For many New Zealanders, bag in box wine brings to mind teenage excursions into the world of binge drinking; moribund corporate gatherings with ‘refreshments’; or at best, a decent bolognaise sauce. It certainly does not conjure thoughts of high-quality wines grown and made with honesty and care in the unforgiving high country of Central Otago.
In term of pedigree there aren’t many winemakers in New Zealand who can match Matt and James Dicey. Their father was brought over from South Africa by Corban’s as a grower and eventually became an early pioneer of wine making in Bannockburn and one of the five founding partners in Mt Difficulty.
Matt, after graduating with a master’s degree in chemistry from Lincoln, became Mt Difficulty’s first employee. James joined the family business a little later after a brief dalliance into the world of law and chartered accountancy. Following the sale of Mt Difficulty in 2019 and having accumulated over forty years of experience making wine in Bannockburn between them, the brothers struck out on their own and Dicey was born.

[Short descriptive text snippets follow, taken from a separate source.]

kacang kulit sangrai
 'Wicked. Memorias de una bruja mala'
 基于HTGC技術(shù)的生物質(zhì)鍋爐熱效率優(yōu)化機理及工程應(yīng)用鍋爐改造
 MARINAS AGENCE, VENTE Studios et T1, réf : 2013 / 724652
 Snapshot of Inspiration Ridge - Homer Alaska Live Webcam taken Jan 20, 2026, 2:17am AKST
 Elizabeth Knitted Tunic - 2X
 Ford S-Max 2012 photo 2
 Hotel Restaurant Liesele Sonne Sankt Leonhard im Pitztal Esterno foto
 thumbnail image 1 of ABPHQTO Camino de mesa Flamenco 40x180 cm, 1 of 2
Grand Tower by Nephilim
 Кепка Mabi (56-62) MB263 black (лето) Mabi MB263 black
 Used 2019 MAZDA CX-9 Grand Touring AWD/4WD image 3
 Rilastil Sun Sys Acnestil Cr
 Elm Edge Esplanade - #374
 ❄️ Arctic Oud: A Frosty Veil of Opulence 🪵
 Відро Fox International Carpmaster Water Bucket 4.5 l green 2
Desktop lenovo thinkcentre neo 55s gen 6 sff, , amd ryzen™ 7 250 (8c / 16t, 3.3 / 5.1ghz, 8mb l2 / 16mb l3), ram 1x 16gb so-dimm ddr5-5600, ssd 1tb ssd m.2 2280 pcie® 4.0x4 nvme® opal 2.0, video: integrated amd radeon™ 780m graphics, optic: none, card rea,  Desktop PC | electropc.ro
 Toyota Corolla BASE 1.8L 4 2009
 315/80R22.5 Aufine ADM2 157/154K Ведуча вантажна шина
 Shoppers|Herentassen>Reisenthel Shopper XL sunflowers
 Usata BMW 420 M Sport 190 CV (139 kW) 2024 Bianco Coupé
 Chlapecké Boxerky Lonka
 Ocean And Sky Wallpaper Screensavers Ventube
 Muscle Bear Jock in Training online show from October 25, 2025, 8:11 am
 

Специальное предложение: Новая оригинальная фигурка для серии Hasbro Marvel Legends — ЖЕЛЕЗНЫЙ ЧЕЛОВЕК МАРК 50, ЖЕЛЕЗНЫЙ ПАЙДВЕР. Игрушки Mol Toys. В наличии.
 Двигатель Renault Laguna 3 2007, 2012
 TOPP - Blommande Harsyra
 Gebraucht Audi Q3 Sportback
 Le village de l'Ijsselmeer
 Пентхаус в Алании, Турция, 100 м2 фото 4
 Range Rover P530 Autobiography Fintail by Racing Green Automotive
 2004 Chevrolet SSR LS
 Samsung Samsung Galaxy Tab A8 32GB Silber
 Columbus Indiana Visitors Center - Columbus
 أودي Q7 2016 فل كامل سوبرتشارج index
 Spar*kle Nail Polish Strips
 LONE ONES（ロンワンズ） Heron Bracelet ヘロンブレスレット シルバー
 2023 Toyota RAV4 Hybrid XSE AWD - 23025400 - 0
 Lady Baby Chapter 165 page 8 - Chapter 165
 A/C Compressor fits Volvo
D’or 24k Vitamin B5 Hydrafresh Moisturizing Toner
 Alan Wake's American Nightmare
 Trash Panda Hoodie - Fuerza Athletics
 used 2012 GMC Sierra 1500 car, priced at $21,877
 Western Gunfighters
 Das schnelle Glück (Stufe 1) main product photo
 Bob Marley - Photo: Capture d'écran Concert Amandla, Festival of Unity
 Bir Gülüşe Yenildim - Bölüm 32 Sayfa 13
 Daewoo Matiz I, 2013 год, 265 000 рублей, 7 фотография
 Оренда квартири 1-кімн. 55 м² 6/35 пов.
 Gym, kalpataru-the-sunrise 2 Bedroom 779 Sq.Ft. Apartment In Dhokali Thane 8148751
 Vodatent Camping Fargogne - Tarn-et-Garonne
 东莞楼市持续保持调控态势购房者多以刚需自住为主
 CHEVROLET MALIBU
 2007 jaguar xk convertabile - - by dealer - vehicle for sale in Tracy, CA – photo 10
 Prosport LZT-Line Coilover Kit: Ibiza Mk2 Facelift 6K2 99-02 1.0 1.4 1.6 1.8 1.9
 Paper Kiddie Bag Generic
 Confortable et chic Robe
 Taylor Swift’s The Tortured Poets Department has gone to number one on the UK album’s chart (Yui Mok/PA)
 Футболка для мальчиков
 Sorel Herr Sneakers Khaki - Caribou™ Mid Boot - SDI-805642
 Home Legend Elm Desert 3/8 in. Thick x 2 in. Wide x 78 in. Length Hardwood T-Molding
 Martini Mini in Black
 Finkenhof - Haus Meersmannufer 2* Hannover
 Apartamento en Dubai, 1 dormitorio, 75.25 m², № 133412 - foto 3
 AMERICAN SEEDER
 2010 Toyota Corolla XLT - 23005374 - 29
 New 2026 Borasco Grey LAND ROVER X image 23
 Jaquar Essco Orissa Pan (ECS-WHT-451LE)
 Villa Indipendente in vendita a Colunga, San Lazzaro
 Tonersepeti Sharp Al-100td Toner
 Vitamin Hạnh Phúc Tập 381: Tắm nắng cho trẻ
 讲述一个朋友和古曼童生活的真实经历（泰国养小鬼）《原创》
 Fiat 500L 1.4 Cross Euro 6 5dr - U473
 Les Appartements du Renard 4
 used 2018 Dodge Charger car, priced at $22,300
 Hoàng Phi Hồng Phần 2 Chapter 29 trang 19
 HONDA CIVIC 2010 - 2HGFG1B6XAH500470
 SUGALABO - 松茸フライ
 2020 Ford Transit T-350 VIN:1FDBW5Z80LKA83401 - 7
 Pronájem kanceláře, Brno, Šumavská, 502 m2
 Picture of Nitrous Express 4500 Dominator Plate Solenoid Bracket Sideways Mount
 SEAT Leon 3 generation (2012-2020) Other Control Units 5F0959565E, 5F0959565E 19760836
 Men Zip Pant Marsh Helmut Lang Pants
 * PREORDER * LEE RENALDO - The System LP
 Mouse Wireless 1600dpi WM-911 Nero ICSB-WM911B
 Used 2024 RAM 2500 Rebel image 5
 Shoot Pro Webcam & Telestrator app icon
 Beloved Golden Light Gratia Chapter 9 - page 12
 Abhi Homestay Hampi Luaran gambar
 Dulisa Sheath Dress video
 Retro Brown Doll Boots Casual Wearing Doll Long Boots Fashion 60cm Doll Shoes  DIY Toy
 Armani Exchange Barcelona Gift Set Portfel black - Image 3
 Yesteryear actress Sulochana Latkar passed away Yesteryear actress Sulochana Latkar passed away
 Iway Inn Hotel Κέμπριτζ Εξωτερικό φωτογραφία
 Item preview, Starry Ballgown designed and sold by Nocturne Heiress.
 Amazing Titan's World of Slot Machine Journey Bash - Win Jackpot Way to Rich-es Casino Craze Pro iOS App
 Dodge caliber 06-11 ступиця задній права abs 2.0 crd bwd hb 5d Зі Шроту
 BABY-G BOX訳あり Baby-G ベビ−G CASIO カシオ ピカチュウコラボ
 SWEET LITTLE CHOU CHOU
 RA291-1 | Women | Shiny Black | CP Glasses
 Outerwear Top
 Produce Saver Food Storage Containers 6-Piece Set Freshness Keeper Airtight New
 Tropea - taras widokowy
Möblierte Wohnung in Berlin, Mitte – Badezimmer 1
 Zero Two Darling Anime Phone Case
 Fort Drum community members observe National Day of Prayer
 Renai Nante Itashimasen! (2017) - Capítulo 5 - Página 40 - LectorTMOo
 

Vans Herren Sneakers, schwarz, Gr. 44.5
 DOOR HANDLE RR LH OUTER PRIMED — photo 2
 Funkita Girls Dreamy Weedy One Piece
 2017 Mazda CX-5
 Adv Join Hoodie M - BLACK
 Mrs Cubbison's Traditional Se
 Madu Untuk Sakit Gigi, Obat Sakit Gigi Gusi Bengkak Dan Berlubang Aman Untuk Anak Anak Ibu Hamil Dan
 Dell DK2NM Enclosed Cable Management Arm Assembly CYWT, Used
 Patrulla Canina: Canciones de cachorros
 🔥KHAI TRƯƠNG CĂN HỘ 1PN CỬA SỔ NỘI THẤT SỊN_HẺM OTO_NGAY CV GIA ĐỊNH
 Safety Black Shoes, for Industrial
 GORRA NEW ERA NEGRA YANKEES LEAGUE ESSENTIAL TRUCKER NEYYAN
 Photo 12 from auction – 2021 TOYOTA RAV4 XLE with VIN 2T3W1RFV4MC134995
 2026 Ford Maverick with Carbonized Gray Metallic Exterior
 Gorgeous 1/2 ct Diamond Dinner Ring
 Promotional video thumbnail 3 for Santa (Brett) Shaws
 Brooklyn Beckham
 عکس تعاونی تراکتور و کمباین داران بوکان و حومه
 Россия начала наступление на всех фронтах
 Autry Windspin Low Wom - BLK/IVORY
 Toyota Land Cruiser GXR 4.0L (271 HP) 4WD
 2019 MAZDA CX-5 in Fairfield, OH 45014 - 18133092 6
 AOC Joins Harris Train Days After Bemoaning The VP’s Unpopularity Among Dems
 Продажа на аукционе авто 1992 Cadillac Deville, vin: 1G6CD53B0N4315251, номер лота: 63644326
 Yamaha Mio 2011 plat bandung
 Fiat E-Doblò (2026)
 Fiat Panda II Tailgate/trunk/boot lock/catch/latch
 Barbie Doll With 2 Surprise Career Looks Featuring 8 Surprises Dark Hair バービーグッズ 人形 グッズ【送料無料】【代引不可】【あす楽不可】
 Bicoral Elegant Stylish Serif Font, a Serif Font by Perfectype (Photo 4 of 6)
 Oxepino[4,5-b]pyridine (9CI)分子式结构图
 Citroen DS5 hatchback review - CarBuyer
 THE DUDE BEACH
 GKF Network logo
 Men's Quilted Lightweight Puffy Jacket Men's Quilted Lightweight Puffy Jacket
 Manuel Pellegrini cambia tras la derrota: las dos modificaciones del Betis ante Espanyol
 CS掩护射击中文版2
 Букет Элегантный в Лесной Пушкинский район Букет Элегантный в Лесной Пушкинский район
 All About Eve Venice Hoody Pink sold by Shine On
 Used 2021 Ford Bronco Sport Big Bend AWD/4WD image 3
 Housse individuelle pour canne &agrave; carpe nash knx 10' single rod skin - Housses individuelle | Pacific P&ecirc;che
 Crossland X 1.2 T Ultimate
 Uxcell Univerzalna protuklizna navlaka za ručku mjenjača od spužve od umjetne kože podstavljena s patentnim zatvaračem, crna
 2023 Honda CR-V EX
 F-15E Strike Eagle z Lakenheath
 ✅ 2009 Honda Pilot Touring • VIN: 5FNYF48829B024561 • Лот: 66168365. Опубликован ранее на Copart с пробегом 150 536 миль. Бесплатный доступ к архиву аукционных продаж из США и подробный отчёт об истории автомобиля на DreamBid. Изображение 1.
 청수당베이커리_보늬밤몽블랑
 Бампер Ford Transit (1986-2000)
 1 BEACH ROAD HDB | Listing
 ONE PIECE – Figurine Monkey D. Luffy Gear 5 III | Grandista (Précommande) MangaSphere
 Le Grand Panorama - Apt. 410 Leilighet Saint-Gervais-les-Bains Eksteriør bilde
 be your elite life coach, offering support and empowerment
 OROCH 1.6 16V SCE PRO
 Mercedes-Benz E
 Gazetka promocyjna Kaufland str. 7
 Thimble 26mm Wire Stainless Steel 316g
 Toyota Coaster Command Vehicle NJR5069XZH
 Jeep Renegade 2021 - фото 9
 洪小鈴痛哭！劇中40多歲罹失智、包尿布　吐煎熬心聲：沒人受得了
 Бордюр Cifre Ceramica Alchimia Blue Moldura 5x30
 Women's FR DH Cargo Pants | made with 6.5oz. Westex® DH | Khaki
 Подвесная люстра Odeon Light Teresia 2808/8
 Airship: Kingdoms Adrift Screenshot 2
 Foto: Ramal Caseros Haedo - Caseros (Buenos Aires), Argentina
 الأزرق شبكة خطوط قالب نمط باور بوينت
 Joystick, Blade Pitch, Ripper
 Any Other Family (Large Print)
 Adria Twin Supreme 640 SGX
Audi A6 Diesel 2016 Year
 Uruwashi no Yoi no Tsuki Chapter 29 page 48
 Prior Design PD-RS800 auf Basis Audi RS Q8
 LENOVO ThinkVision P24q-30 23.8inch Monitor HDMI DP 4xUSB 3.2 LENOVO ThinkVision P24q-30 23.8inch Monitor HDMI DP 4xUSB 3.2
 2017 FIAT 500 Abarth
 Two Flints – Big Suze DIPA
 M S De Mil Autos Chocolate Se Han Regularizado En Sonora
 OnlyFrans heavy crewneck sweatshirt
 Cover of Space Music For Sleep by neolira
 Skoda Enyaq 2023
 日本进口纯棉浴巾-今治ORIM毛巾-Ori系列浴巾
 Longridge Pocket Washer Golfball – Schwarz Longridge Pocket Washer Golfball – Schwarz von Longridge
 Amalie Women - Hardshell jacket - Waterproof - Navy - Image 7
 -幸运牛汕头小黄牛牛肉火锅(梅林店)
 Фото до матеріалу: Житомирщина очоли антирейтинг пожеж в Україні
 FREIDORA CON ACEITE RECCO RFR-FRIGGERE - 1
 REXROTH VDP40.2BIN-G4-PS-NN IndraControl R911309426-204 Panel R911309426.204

They quickly established clearly delineated responsibilities with James overseeing the vineyards and Matt in charge of the wineries. Where they came together was a shared vision of making wine with clarity and honesty that reflected both the environment and the season they found themselves in. That meant doing as much work as possible in the vineyards and as little as possible in the winery. It also meant farming organically and in harmony with the land. In terrain as fierce and unforgiving as Central Otago, that was not the easy option.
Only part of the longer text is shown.